Elegant hack or gross hack? TextWrapper and escape codes

Thu May 28 04:01:15 EDT 2020

On Thu, May 28, 2020 at 5:54 PM Peter Otten <__peter__ at web.de> wrote:
>
> Chris Angelico wrote:
>
> > Situation: A terminal application. Requirement: Display nicely-wrapped
> > text. With colour codes in it. And that text might be indented to any
> > depth.
> >
> > label = f"{indent}\U0010cc32{code}\U0010cc00
> > @{tweet['user']['screen_name']}: " wrapper = textwrap.TextWrapper(
> >     initial_indent=label,
> >     subsequent_indent=indent + " " * 12,
> >     width=shutil.get_terminal_size().columns,
> >     break_long_words=False, break_on_hyphens=False, # Stop URLs from
> >     breaking
> > )
> > for line in tweet["full_text"].splitlines():
> >     print(wrapper.fill(line)
> >         .replace("\U0010cc32", "\x1b[32m\u2026")
> >         .replace("\U0010cc00", "\u2026\x1b[0m")
> >     )
> >     wrapper.initial_indent = wrapper.subsequent_indent # For
> > subsequent lines, just indent them
> >
> >
> > The parameter "indent" is always some number of spaces (possibly
> > zero). If I simply include the escape codes in the label, their
> > characters will be counted, and the first line will be shorter. Rather
> > than mess with how textwrap defines text, I just replace the escape
> > codes *and one other character* with a placeholder. In the final
> > display, \U0010cc32 means "colour code 32 and an ellipsis", and
> > \U0010cc00 means "colour code 0 and an ellipsis", so textwrap
> > correctly counts them as one character each.
> >
> > So what do you folks think? Is this a gloriously elegant way to
> > collapse nonprinting text, or is it a gross hacky mess
>
> Yes ;)

... I should have expected a "yes" response to an either-or question.
Silly of me. :)

> > that's going to cause problems?
>
> Probably not.
>
> I had a quick look at the TextWrapper class, and it doesn't really lend
> itself to clean and elegant customisation. However, my first idea to
> approach this problem was to patch the len() builtin:
>
> import re
> import textwrap
>
> text = """The parameter "indent" is always some number of spaces (possibly
> zero). If I simply include the escape codes in the label, their
> characters will be counted, and the first line will be shorter. Rather
> than mess with how textwrap defines text, I just replace the escape
> codes *and one other character* with a placeholder.
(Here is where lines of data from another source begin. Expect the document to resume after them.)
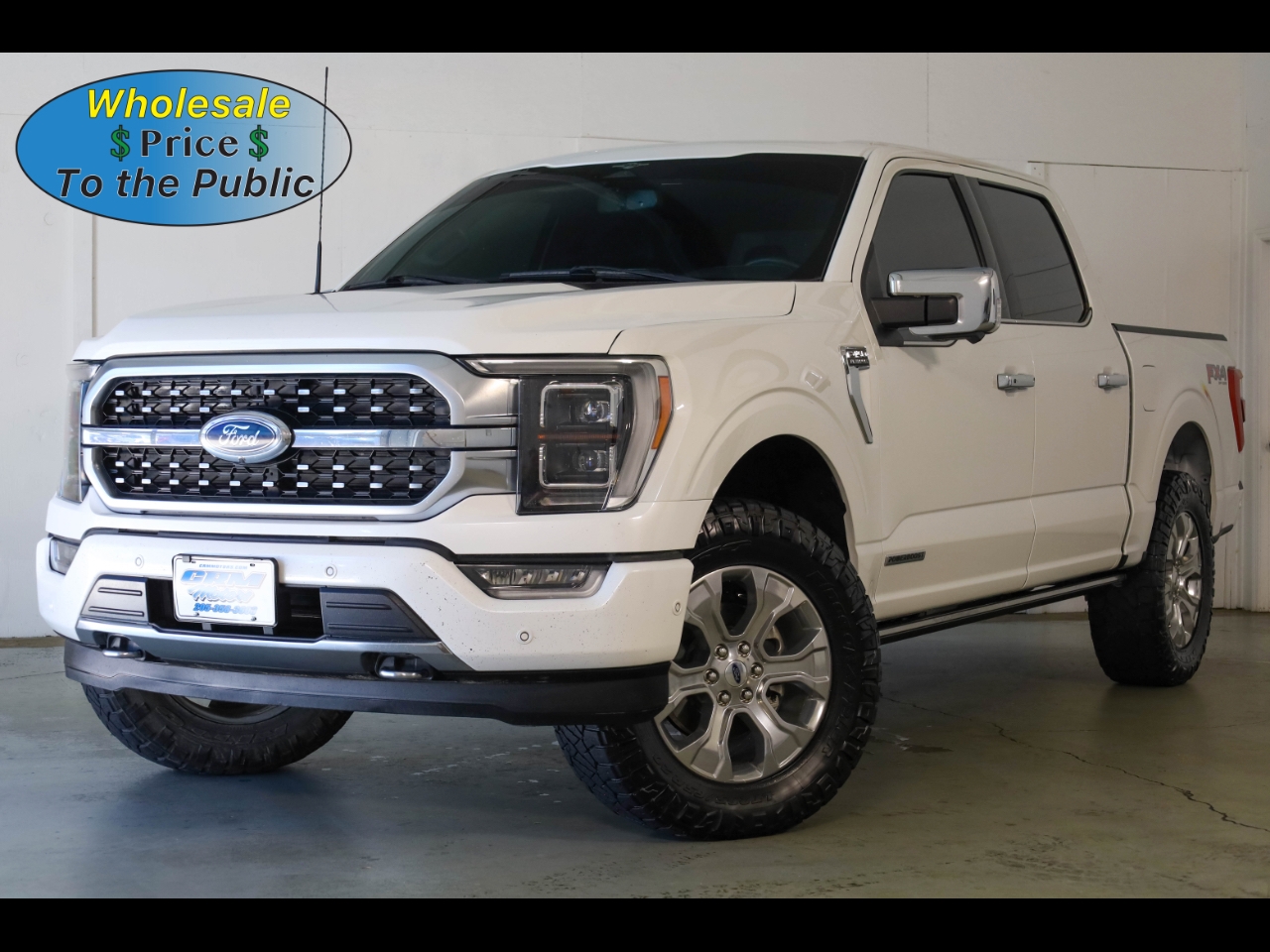 2023 Ford F-150 XL 4WD SuperCrew 5.5' Box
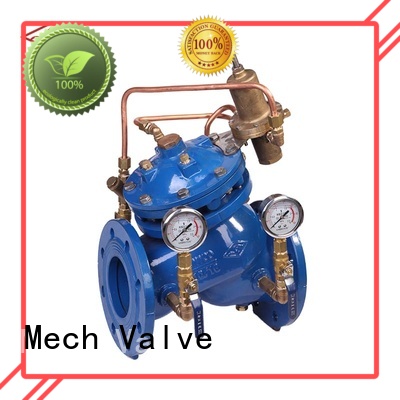 Mech Valve adjustable remote float control valve slow pipe industry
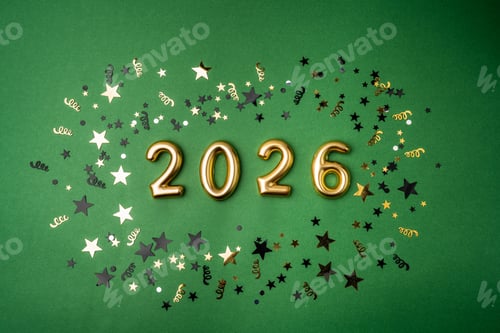 Visualização: Natal e Feliz Novo plano de fundo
In the final
> display, \U0010cc32 means "colour code 32 and an ellipsis", and
> \U0010cc00 means "colour code 0 and an ellipsis", so textwrap
> correctly counts them as one character each.
> """
>
> print(textwrap.fill(text, width=40))
>
> # add some color to the text sample
> GREEN =  "\x1b[32m"
> NORMAL = "\x1b[0m"
> parts = text.split(" ")
> parts[::2] = [GREEN + p + NORMAL for p in parts[::2]]
> ctext = " ".join(parts)
>
> # wrong wrapping
> print(textwrap.fill(ctext, width=40))
>
> # fixed wrapping
> def color_len(s):
>     return len(re.compile("\x1b\[\d+m").sub("", s))
>
> textwrap.len = color_len
> print(textwrap.fill(ctext, width=40))
>
> The output of my ad-hoc test script looks OK. However, I did not try to
> understand the word-breaking regexes, so I don't know if the escape codes
> can be spread across words which would confuse color_len(). Likewise, I have
> no idea if textwrap can cope with zero-length chunks.
>
> But at least now you have two -- elegant or gross -- hacks to choose from ;)
>

Yeah, I thought of this originally as a challenge in redefining the
concept of "length". But the trouble is that it might not always be
the len() function that figures out the length - there might be a
regex with a size threshold or any number of other things that
effectively think about the length of the string.

ChrisA